FELIX AUSTRIA - Pamela Smits (Cello)

Download from Amazon
FELIX AUSTRIA - Various Composers - Pamela Smits (Cello) - Sabine Simon (Piano) - 885767506350 - Released: October 2010 - Universe Classics 20101

1} Zoltán Kodály - Sonata for Cello and Piano, Op. 4
2} Zoltán Kodály - Sonatina for Cello and Piano
3} György Ligeti - Sonata for Solo Cello
4} Béla Bartók - First Rhapsody
5} Antonin Dvorák - Rondo in G minor, Op. 94
6} Leos Janácek - Pohádka (Fairy Tale)
7} David Popper - Hungarian Rhapsody, Op. 68

A Canadian-born Dutch cellist, a German pianist, a Dutch label, Hungarian and Czech composers spanning more than 150 years. With such a disunion, over both time and space, one would think that this seemingly disjointed collaboration and collection of pieces were hap'hazardly put together simply to fill a CD, with only the cello as a common denominator. But there is a much stronger bond through common heritage that runs throughout this recording, reinforced by the fact that Pamela Smits' cello teacher was János Starker, his teacher was Adolf Schiffer, himself a student of David Popper, one of the composers found on this CD. The styles are much varied, from Dvorák to Janácek for example, or Kodály to Ligeti, but the inherent soul of the music stems from the same roots.

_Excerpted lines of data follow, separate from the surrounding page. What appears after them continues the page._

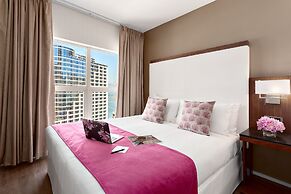 Auberge Vancouver Hotel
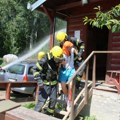 Izvlačili povređene i životno ugrožene; Gasili požar na otvorenom vatrogasci u borbi protiv „crvenog petla”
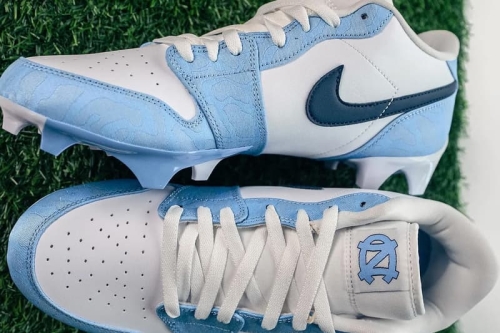 Jordan Brand 与 UNC 再度联手打造 Air Jordan 1、Air Jordan 4 球员独占系列鞋款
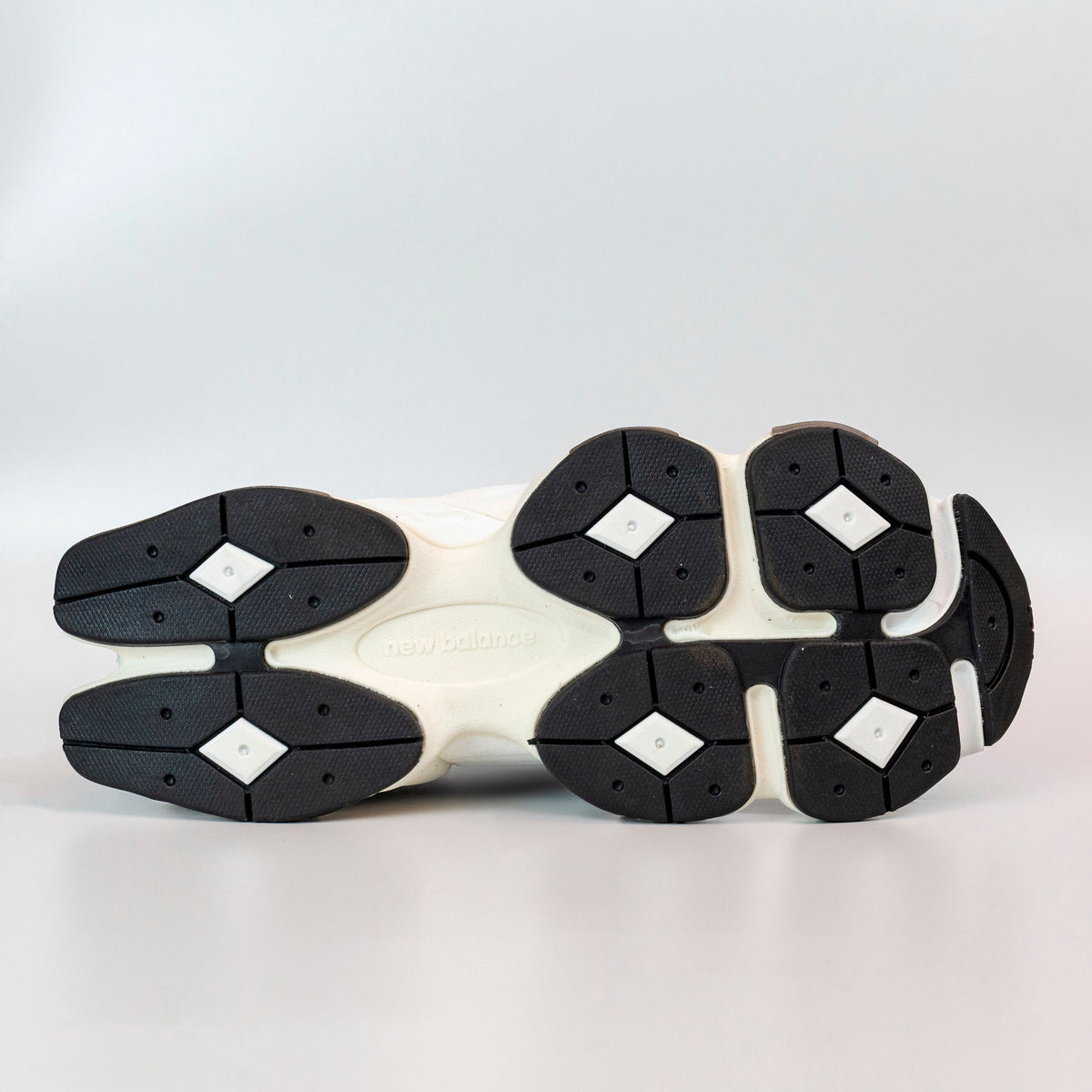 NB 9060 Preto e Branco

Canadian-born Dutch cellist Pamela Smits and German pianist Sabine Simon first met each other in 1991, during a summer course in Ernen, Switserland given by the renowned Hungarian pianist and pedagogue György Sebök. Later, they both studied at Indiana University in Bloomington, USA, where a personal and professional friendship began that continues to this day. {Universe Classics}

This longstanding professional connection can be felt in their playing. After years of touring the world stages together, they seem to communicate by telepathy, sensing each other's expressive mood and adjusting to it on the fly. Pamela Smits herself transforms the tone of her instrument in keeping with the piece at hand, and finds its emotional nucleus.

Most of the works here have been recorded many times, some by Smits' teacher János Starker himself, but rarely have they been associated or gathered together before in such a compelling collection. If you're in the mood for Austro-Hungarian chamber music, and you favor the warm sound of a cello, this recording may very well fill the void.